From: DICTIONARY OF AMERICAN NAVAL FIGHTING SHIPS, Vol. I, p. 130.
Johnston Blakeley was born near Seaford, County Down, Ireland, in October 1781. Brought to the United States as a child in 1783, he was appointed a Midshipman in 1800. After service in President during the Quasi-War with France and command of Enterprise early in the War of 1812, Master Commandant Blakeley was appointed to command of the newly built sloop-of-war Wasp. In 1814 he made a very successful cruise which included capture of HMS Reindeer. Wasp was last heard of 9 October 1814 and is believed to have foundered in a gale. Blakeley received the thanks of Congress, a gold medal, and posthumous advancement to Captain for his last cruise.
(DD-150: dp. 1154; l. 314'5"; b. 31'8"; dr. 9'; s. 35 k.; cpl. 122; a. 4 4", 2 3", 12 21" TT.; cl. Wickes)
The second Blakeley (DD-150) was launched 19 September 1918 by William Cramp and Sons Ship and Engine Building Co., Philadelphia, Pa.; sponsored by Mrs. C. A. Blakeley, wife of Commander Blakeley, great-grand- nephew of Captain Blakeley; commissioned 8 May 1919, Commander W. Brown, Jr., in command; and joined the Atlantic Fleet.
Blakeley cruised along the east coast until going out of commission 29 June 1922 at Philadelphia Navy Yard. Except for 1932-37 when she served with the Scouting Fleet, Blakeley remained out of commission at Philadelphia until 16 October 1939.
Upon recommissioning, Blakeley joined the Neutrality Patrol and with America's entrance into World War II began patrol and convoy duty in the Caribbean. In February 1942 she helped escort the convoy carrying troops to garrison Curacao Netherlands West Indies. While patrolling off Martinique; 2,5 May 1942, a German submarine torpedoed her, carrying away 60 feet of her bow. Six men were killed and 21 wounded, but the gallant crew saved the ship and brought her to Port de France, Martinique, for emergency repairs. After additional repairs at Port Castries, Santa Lucia, British West Indies, and San Juan, P. R., Blakeley steamed to Philadelphia where she was refitted with a bow taken from her stricken sister Taylor (DD-94) and thoroughly overhauled.

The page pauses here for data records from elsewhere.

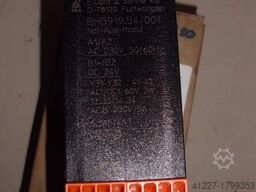 Dold BH5919.54/001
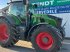 Traktor del tipo Fendt 724 Gen7 Power Plus Setting 2 Front PTO, Godt udstyret, Gebrauchtmaschine en Rødekro (Imagen 4)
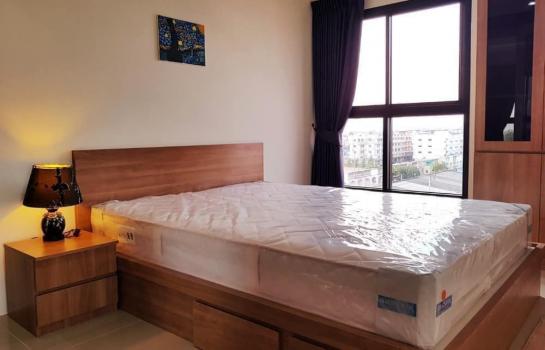 ��¤͹� build-in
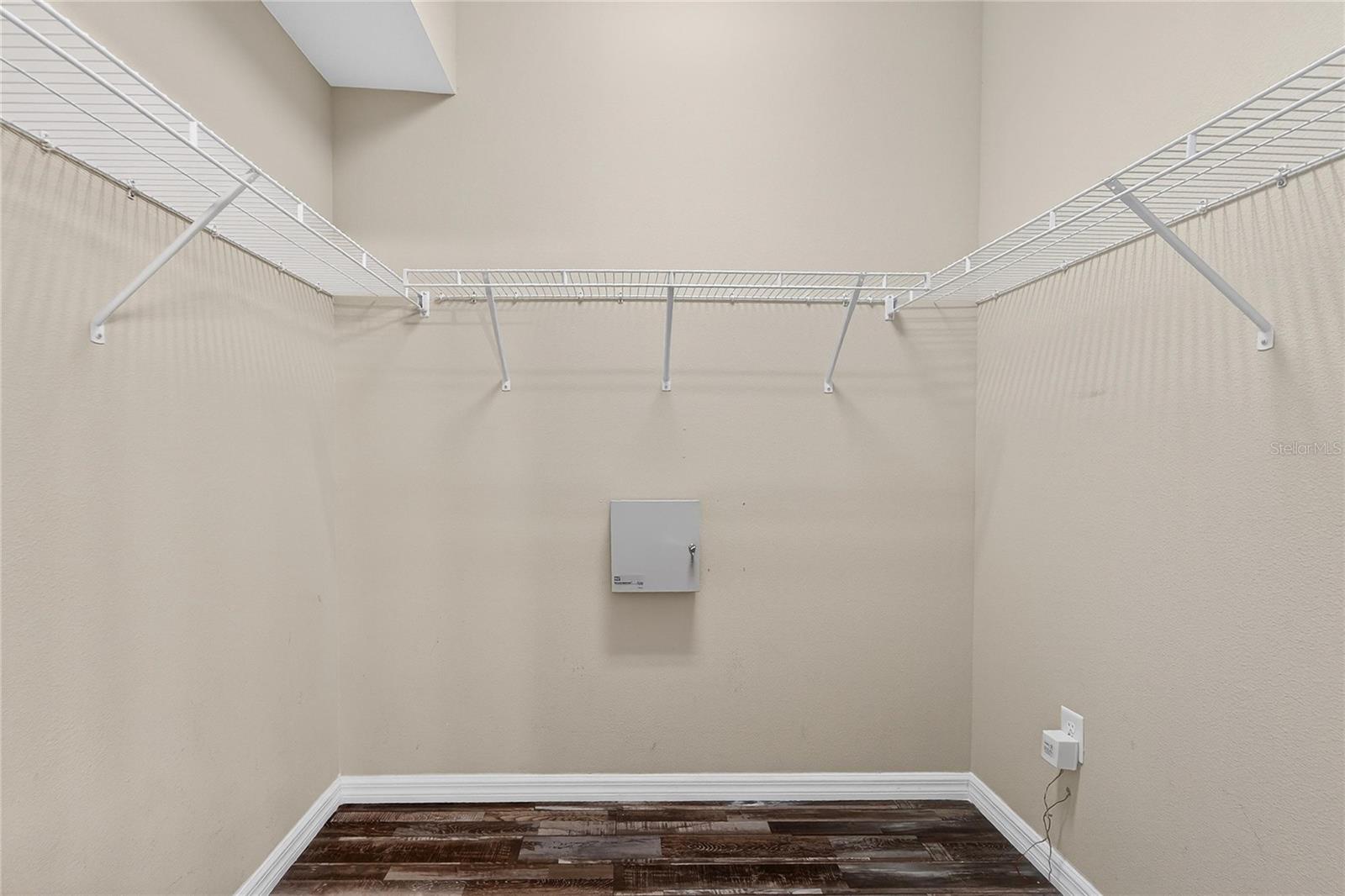 Image 31 of 62 For 431 Westchester Hills Lane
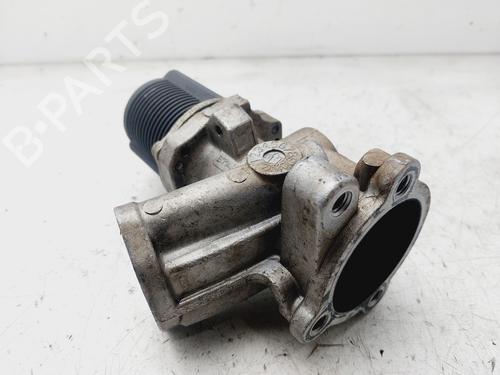 Egr OPEL CORSA D (S07) 1.3 CDTI (L08, L68) | BP28107831M69 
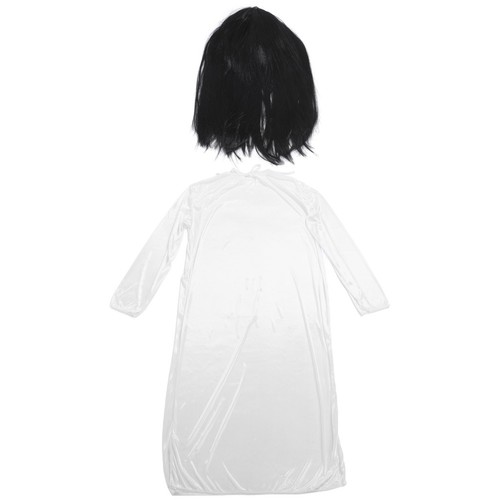 Costumi halloween donne - costumi,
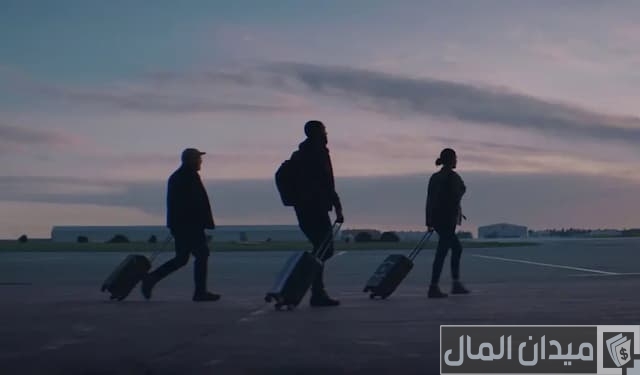 هل الإبعاد من السعودية يشمل جميع دول الخليج
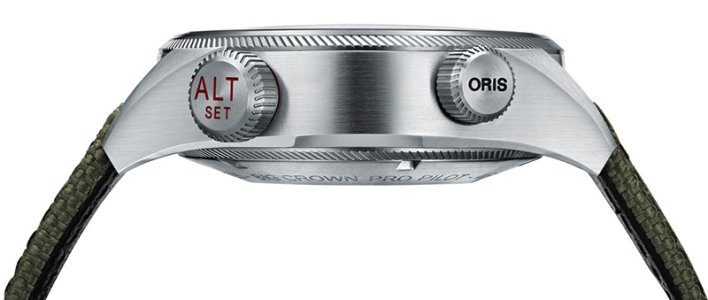 oris-big-crown-pro-pilot-altimeter-watch-profile.jpg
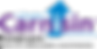 CARNISIN_CMYK.png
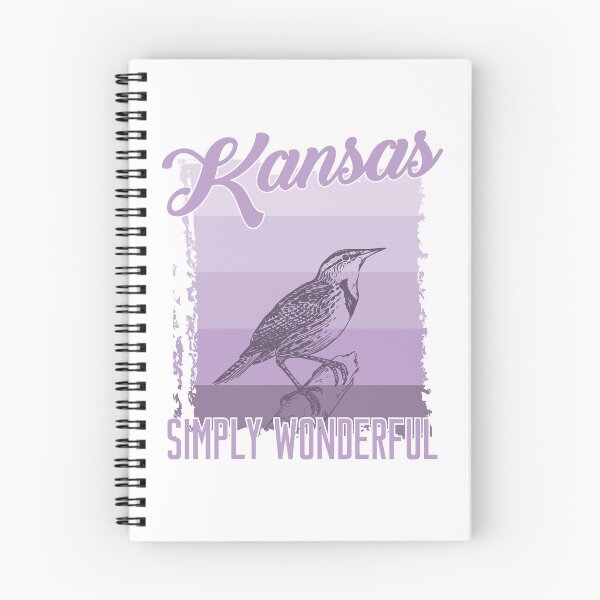 Item preview, Kansas America Vacation USA Travel designed and sold by torlei565.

In September 1942 Blakeley returned to duty with the Caribbean Sea Frontier and, with the exception of two voyages, continued escort and patrol work there until February 1945. From 1 January to 23 February 1943 she served with TG 21.13 on hunter-killer duty in the North Atlantic and between 24 March and 11 May 1943 she escorted a convoy to Bizerte, Tunisia.
She operated out of New London, Conn., 18 March-13 June 1945 on training duty with submarines in Long Island Sound. Decommissioned at Philadelphia Navy Yard 21 July 1945, she was sold 30 November 1945.
Blakeley received one battle star for her convoy duty.